Atop a blasted landscape, Didi and Gogo cling to the flickering faith that Godot will come. Godot will bring answers. Godot will bring meaning. Godot will bring happiness. When will Godot come? Irish treasure Samuel Beckett's wickedly witty treatise on the nature of human existence is considered one of the greatest plays of the 20th century.

CRITICS CHOICE -LA Times
"Top-notch production!" -LA Times


  Much Ado About Nothing  
By William Shakespeare
Directed by Michael Murray
February 27-May 21, 2010

The war is over and romance is in the air.  But barely has the champagne cork been popped when two formidable combatants in love, Beatrice and Benedick, create fireworks of their own.  Armed with razor-edged wit and struggling with the gravitational pull of mutual attraction, these battle-hardened veterans of  Cupid's little game discover how disarming true love can be in William Shakespeare's effervescent comedy of the heart.
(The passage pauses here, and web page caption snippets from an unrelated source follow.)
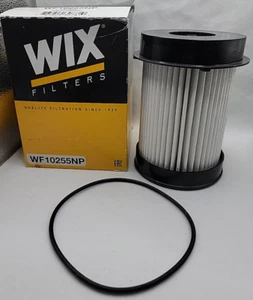 WF10255NP WIX OEM Genuine Fuel Filter Gas for Ram 2500 3500 4500 5500 2013-2020 - Bild 1 von 3
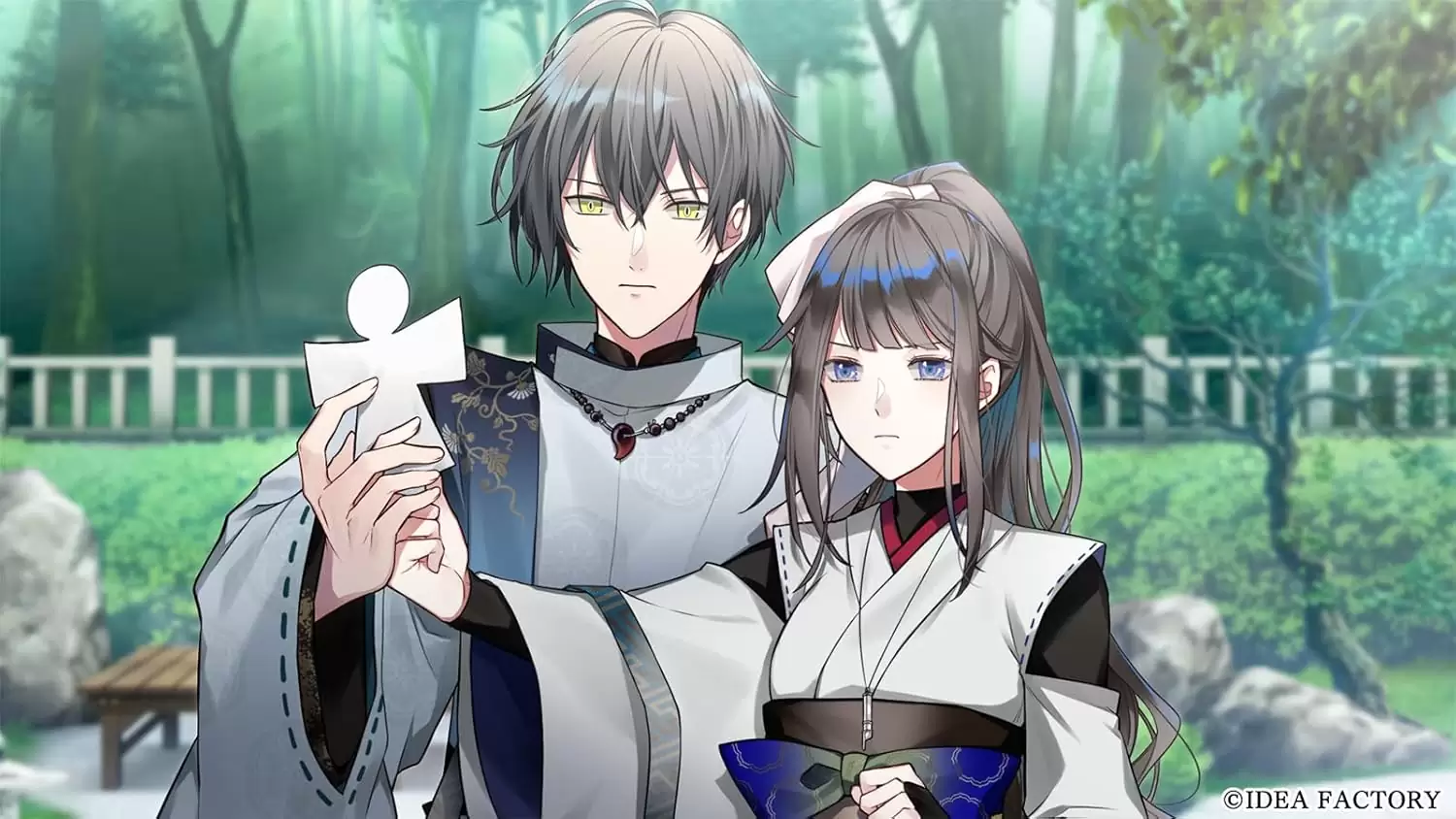 勿ノ怪契リの発売日や対応機種、店舗・予約特典情報まとめ| 予約トップ10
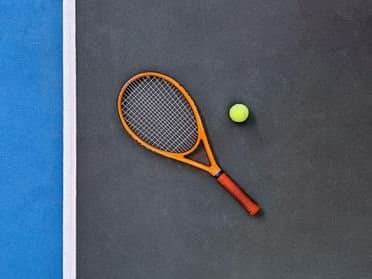 Racquet Club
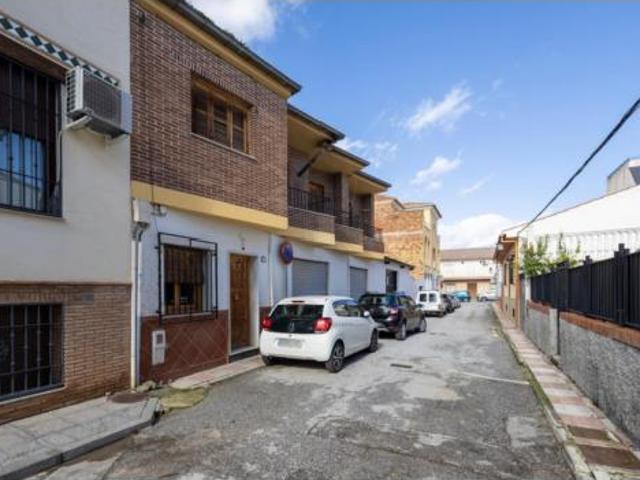 Casa en venta en San Antonio, Comarca de la Vega de Granada
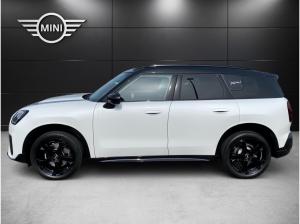MINI Countryman C JCW Trim Paket M Pano HUD LRH LED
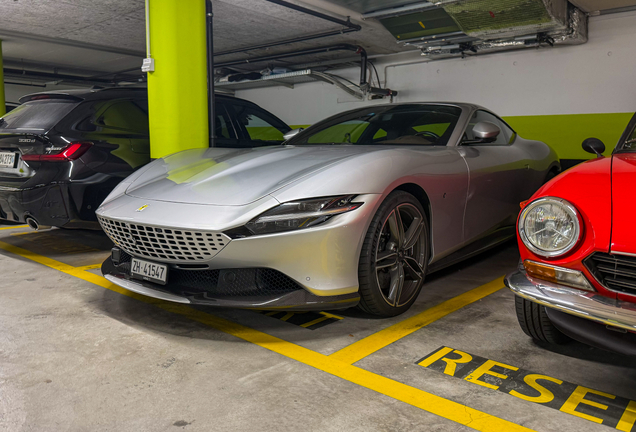 Ferrari Roma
A Noise Within's production of Much Ado About Nothing is part of Shakespeare for a New Generation, a national initiative sponsored by the National Endowment for the Arts in cooperation with Arts Midwest.


Awake and Sing!
By Clifford Odets
Directed by Andrew Traister
March 13-May 23, 2010

The economic ravages of 1930s New York threaten to destroy the tenuous ties that bind the Berger family.  Matriarch Besse Berger is willing to crush her children's dreams in order to keep the struggling clan in tact.  But the irrepressible spirit of youth refuses to be extinguished in gifted social dramatist Clifford Odets's soaring ode to what is good and true in the American character.  With Awake And Sing! A Noise Within continues its celebration of the great American classic.


 The Playboy of the Western World
By John Millington Synge
Directed by Geoff Elliott
April 10-May 22, 2010

William Butler Yeats called it "picturesque, poetical, fantastical, a masterpiece of style and of music, the supreme work of our dialect theatre..."  John Millington Synge, one of Ireland's most beloved playwrights skillfully weaves a multi-colored, prism-like romantic comedy, set in the remote bogs of Ireland's wild Mayo Coast.  Simultaneously  haunting and hilarious, Playboy is considered his greatest achievement.